Letter. The glaucomas
The several articles on adult glaucoma that appear in the Journal of Community Eye Health 2001; 14:33-52 are especially well done and much appreciated. Recent epidemiological studies combined with advances in instrumentation will undoubtedly combine to make it possible to detect more individuals in developing countries who have glaucoma. Mention is made of referral to tertiary care centres for definitive diagnosis and appropriate treatment. This affords me the opportunity to call attention to a major barrier to appropriate glaucoma care in many developing countries Ð the relatively low level of glaucoma knowledge in teaching institutions and tertiary care centres.
During the past 8 years I have conducted 2-week glaucoma workshops at 26 training centres in 23 developing countries scattered throughout most areas of the world.

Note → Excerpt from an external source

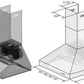 ZLINE Outdoor Wall Mount Range Hood in Stainless Steel 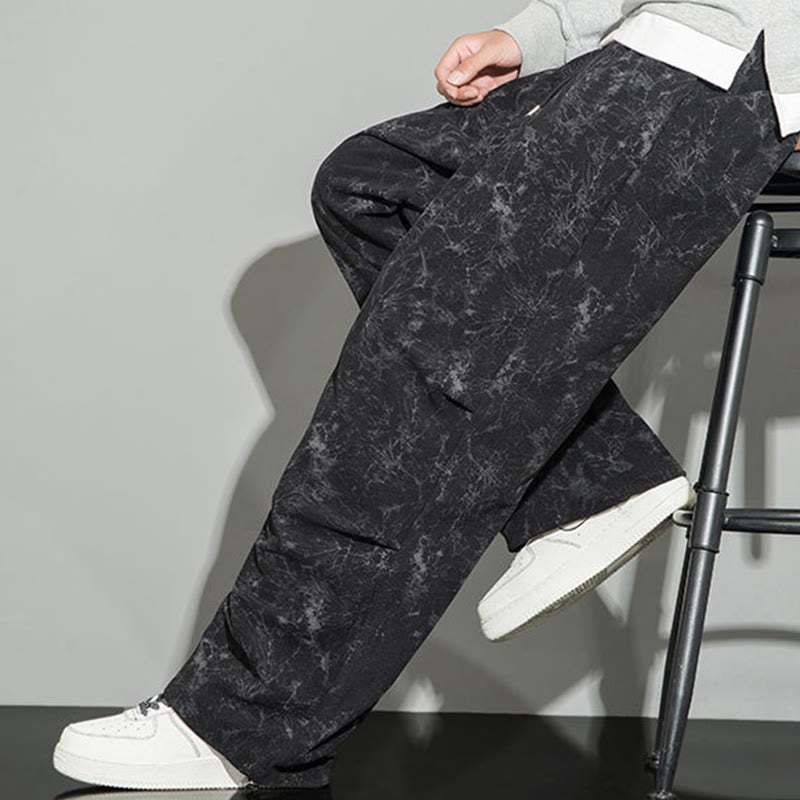 Pantaloni da uomo con coulisse e tasche, modello casual vintage mimetico Buddha Stones - image 10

Based on this experience I am comfortable in making the generalisation that most ophthalmologists in the so-called tertiary care centres in the majority of developing countries do not have the clinical skills necessary to accurately differentiate the various causes of glaucoma. The diagnosis of glaucoma continues to be made on the basis of elevated IOP. PACG is diagnosed on the basis of the signs and symptoms of the acute variety. A serious problem is the lack of gonioscopy skills resulting in the rare performance of this most important examination component. The result is frequent misdiagnosis and inappropriate treatment. Visual fields are either not done or are usually unreliable. Secondary glaucoma is not recognised as such and often treated inappropriately.
The ophthalmologists that I have encountered are bright, usually hard working and highly motivated to learn. They suffer from poor basic training even though the duration of the residency training is often longer than in the developed countries. Glaucoma is a very complex and challenging condition. At the beginning of the workshop there is invariably a low level of confidence especially in diagnostic skills. It is satisfying to see what only 2 weeks of concentrated teaching can accomplish. The participants return to their respective teaching institutions with a fresh outlook and confident enthusiasm in seeing glaucoma patients and an eagerness to teach others.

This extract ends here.